Here Comes Santa Claus(e)

Digital legal research is amazing but the hype – particularly around AI – is a bit like Christmas magic. It involves a lot of wishing.

Santa's boots coming down a chimney

As the Great Library’s staff heads off to spend the holidays with family and friends, and the doors close for the year, I can sneak in this guest post unobserved, like a night-time intruder in a chimney flue.  As visions of sugar plums dance in my head, I can’t help wonder if the AI in legal publishing research databases dreams of Santa.  Or if it’s not quite clear on the concept.  Sometimes Santa’s little legal research helpers need a bit of guidance.

I don’t really believe legal publishers are using artificial intelligence in anything but marketing materials yet.  Maybe I’ll find a steam train waiting outside my house this Christmas Eve, and it will take me to a place where I can see the AI at work, putting the final touches on its machine learning before the reindeer fly into the sky. #BELIEVE

It’s interesting to see how the legal publisher search engines tweak search terms to attempt to provide that certain Christmas magic that a legal researcher needs.  Sometimes it feels a bit like it’s not SURE what I’m looking for, like a Christmas gone awry.
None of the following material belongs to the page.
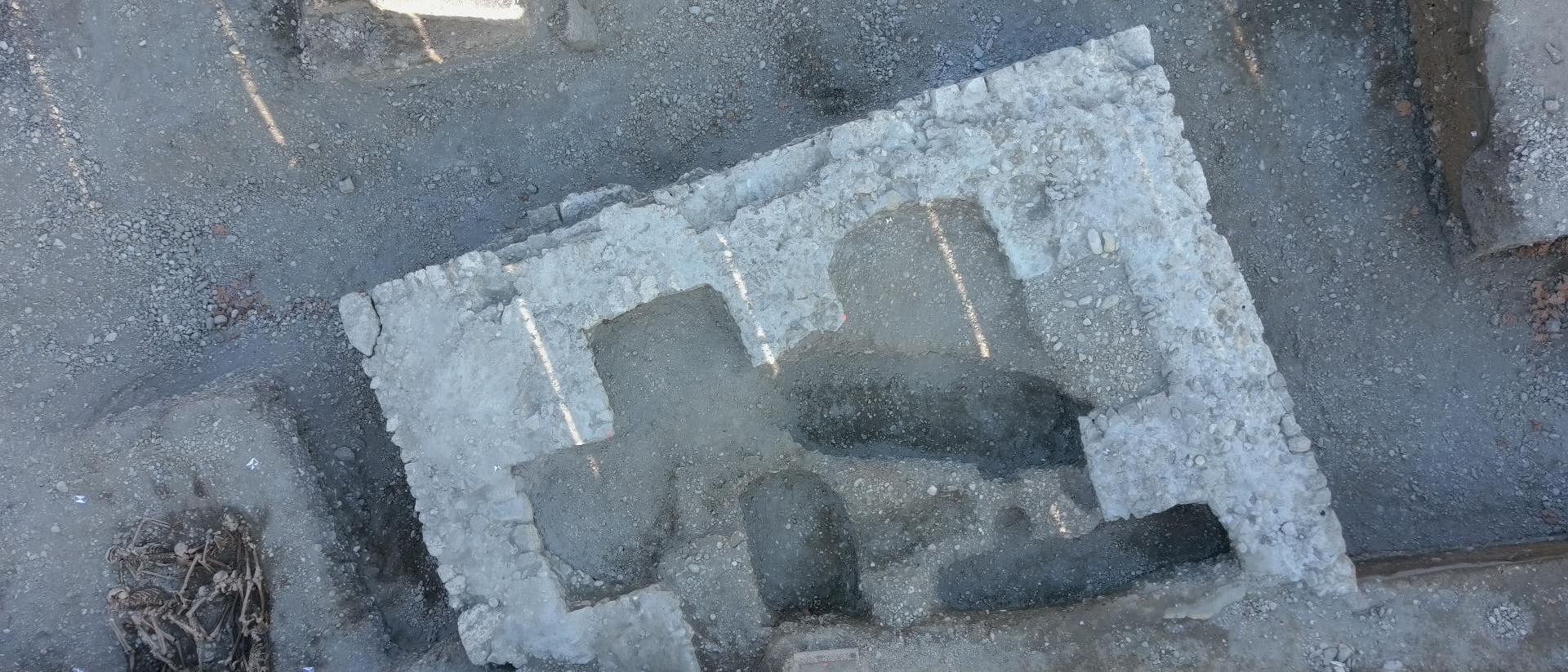 Luftaufnahme einer arch&auml;ologischen Ausgrabungsst&auml;tte mit freigelegten Fundamenten und Strukturen. Die rechteckigen und unregelm&auml;&szlig;igen Formen der Steine deuten auf alte Bauwerke hin. Links im Bild sind &Uuml;berreste von Skeletten zu sehen, die in der Erde eingebettet sind. Der Boden ist &uuml;berwiegend aus grauem Schotter und Erde.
I suppose a “Santa class” would be a hard class action to join.  I mean, there is only one Santa Claus, isn’t there?

In Canada, where so many cultures that celebrate Christmas come together, we don’t always use the same term for the same thing.  Are you looking for Santa Claus? Father Christmas? Père Noël?  It can be important to know when you’ve got a term that has more than one option.  My favorite example has always been (marijuana OR marihuana) but I’m sure that’s not what ol’ Kris Kringle has in his pipe!
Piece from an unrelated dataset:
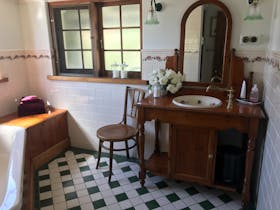 Victorian style timber vanity, shower over spa, Sukin toiletries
I was curious, so I ran Santa through each database, and, not surprising to a law librarian, the results weren’t exactly the same.  (Okay, the French results disparity was a bit surprising)  I was glad that the search “alias Santa Claus” didn’t bring up any bad rap sheets.  If I’d spent a bit more time, and investigated which cases were most heavily cited or preferred, I’m sure I would have seen the same top results in each database.  But this is just a look by-the-numbers.

“Santa Claus”166240239
“Father Christmas”242525
“Pere Noel”209169111
All 3 (connected by OR)396414347
         Δ between individual terms and all 3 together (should be zero?)
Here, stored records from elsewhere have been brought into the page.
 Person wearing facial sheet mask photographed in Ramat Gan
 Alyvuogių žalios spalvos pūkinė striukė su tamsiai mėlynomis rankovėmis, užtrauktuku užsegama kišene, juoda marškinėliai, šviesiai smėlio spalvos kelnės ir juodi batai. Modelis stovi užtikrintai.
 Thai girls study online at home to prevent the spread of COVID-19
You may be wondering if Kris Kringle is worth a try as a search term.  No, unless you’re looking for office party secret santa-related cases.  I hadn’t heard of Kris Kringle gifts but that’s a thing.  Also, if you’re considering distributing stun guns as Kris Kringle, you may want to think again.

What I can’t figure out is why the sum search (all three connected by an OR connector) retrieves MORE or FEWER than adding each individual search results together.  At least it was inconsistent across platforms.  I even reran the searches (here’s a LexisNexis Advance example) to try to dedupe the results:

“”santa claus”” % “”father christmas””
“”santa claus”” % “”pere noel””
“”father christmas”” % “”pere noel””&c.

It was a bit more difficult on WestlawNext Canada because the search engine kept interrupting.  It was like an elf that wants to be a dentist; just give me results that respond to the search I gave you.  Finally, I had to explicitly tell it to leave out cases that had to do with parental visitation over the holidays:

advanced: (“pere noel” “father christmas” “santa claus”) % (“father’s Christmas”)

I feel like artificial intelligence should be able to know when terms mean the same thing.

Sometimes we look up the chimney to see if that elf really is listening to whether we’re good or bad, and we don’t find the magic.  For example, a search for “patriot act” across US materials doesn’t retrieve the USA Patriot Act.  (It was faster to find it using Google and Wikipedia) A new legal researcher would spend an hour looking at federal materials without realizing that it wasn’t in their results set.

A similar example of this intelligence appeared when I looked for cases involving miscreants entering homes and getting stuck in chimneys.  Someone entering that on LexisNexis Advance is going to end up with st!ck results.  It would have been nice to have been asked whether I meant stuck or stick.  The ubiquity of did you mean reflects the lack of hubris in machine learning.  The system might be mistaken, and the omission of a check (did you mean?) suggests it knows and doesn’t need to ask any more.

This algorithm is at risk of going on the naughty list.

The real intelligence in legal research is the person doing the work.  And while the technology powering the tools we use – whether paper or silicon – is amazing, the impact of artificial intelligence or machine learning for the researcher appears to be hype for the moment.  Perhaps we should just embrace that natural language is much better than it was, which is something tangible researchers can get behind.

I was comforted, realizing that, while we may not be driving our own cars in the near future, legal research faces many of the same challenges it always has.  Like just knowing where all the chimneys are, and realizing you need to ensure every child gets their gift.